"Freedom from Fear" (left) and "Freedom from Want" are two of Norman Rockwell's "The Four Freedoms" series inspired by FDR's rousing wartime State of the Union address in 1941. Reproduced in four consecutive issues of The Saturday Evening Post in 1943, the original paintings by America's favorite illustrator toured the United States, raising over $130 million for the war effort. (Norman Rockwell Museum photos)
"The riot in French suburbs reveals the flaw in Fabian socialism. It does not take into account the psychology of people," writes Minh-Duc of State Of Flux in the most eloquent analysis of "why they hate us" we've seen anywhere:
It assumes that by providing the basic subsistence to people, that would be enough to keep them content. People are never content with bare subsistence -- especially if it comes in the form of hand out and charity. It degrades them and robs them of their self-esteem. It is a shameful existence. Men need pride from their own labor. Self-reliance brings personal honor and pride -- a sense of ownership over one's own life. This is why the free-market economy is not only an efficient and effective system -- it is also a humane and honorable one.
Just right. We wrote something similar in response to Jeff Jarvis's well-meaning but clueless reaction to the London bombings last summer. "Well what the hell do they have to be angry about?" Jeff had written. "They're fed. They're free. They're educated. They have health care. They can say and go where they want." As we wrote then:
It's true these folk are psychopaths who must be rooted out and brought to justice, but it's naive to believe they should be content to have physical comforts handed to them on a welfare platter. No man -- no creature worth its salt -- can bear the shame. Come to think of it, that's exactly what's wrong with the liberal project.

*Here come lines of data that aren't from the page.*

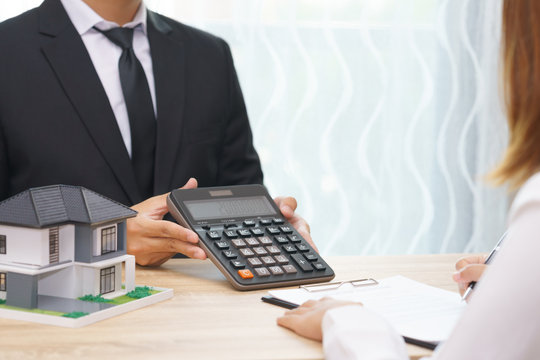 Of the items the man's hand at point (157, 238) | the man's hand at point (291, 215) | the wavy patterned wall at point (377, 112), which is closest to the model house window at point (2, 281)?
the man's hand at point (157, 238)

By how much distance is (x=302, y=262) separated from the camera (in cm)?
113

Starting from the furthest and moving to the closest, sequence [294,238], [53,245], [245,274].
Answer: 1. [294,238]
2. [245,274]
3. [53,245]

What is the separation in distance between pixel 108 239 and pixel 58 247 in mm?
77

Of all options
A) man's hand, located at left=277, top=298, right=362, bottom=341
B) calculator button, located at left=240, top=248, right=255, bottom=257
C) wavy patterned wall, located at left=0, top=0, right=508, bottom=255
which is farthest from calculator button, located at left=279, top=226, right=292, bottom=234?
wavy patterned wall, located at left=0, top=0, right=508, bottom=255

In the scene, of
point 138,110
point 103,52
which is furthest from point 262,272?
point 103,52

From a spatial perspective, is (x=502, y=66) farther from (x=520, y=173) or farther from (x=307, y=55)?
(x=307, y=55)

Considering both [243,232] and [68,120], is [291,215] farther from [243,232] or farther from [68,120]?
[68,120]

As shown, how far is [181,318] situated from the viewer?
3.08 ft

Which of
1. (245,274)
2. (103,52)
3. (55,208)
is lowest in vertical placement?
(245,274)

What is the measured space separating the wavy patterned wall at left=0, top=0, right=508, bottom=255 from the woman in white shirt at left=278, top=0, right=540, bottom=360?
5.31ft

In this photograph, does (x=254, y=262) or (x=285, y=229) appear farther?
(x=285, y=229)

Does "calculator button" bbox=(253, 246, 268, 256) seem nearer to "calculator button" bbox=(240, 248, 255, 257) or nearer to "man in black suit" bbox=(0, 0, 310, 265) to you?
"calculator button" bbox=(240, 248, 255, 257)

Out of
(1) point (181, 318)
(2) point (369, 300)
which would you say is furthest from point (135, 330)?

"Freedom of Speech" left and "Freedom to Worship" complete the series. We remember having reproductions of the illustrations hanging on the walls of our grade-school classrooms in the fifties and thinking even then they seemed quaintly old-fashioned. In today's world, again at war with those who would stomp on our freedoms, we see them with fresh eyes. Because Rockwell's subject matter was usually on the corny side, serious art critics tended to look down upon the artist's accomplishment, but beyond the anecdotal component -- much loved by the average American -- his compositional and painterly skills were quite remarkable.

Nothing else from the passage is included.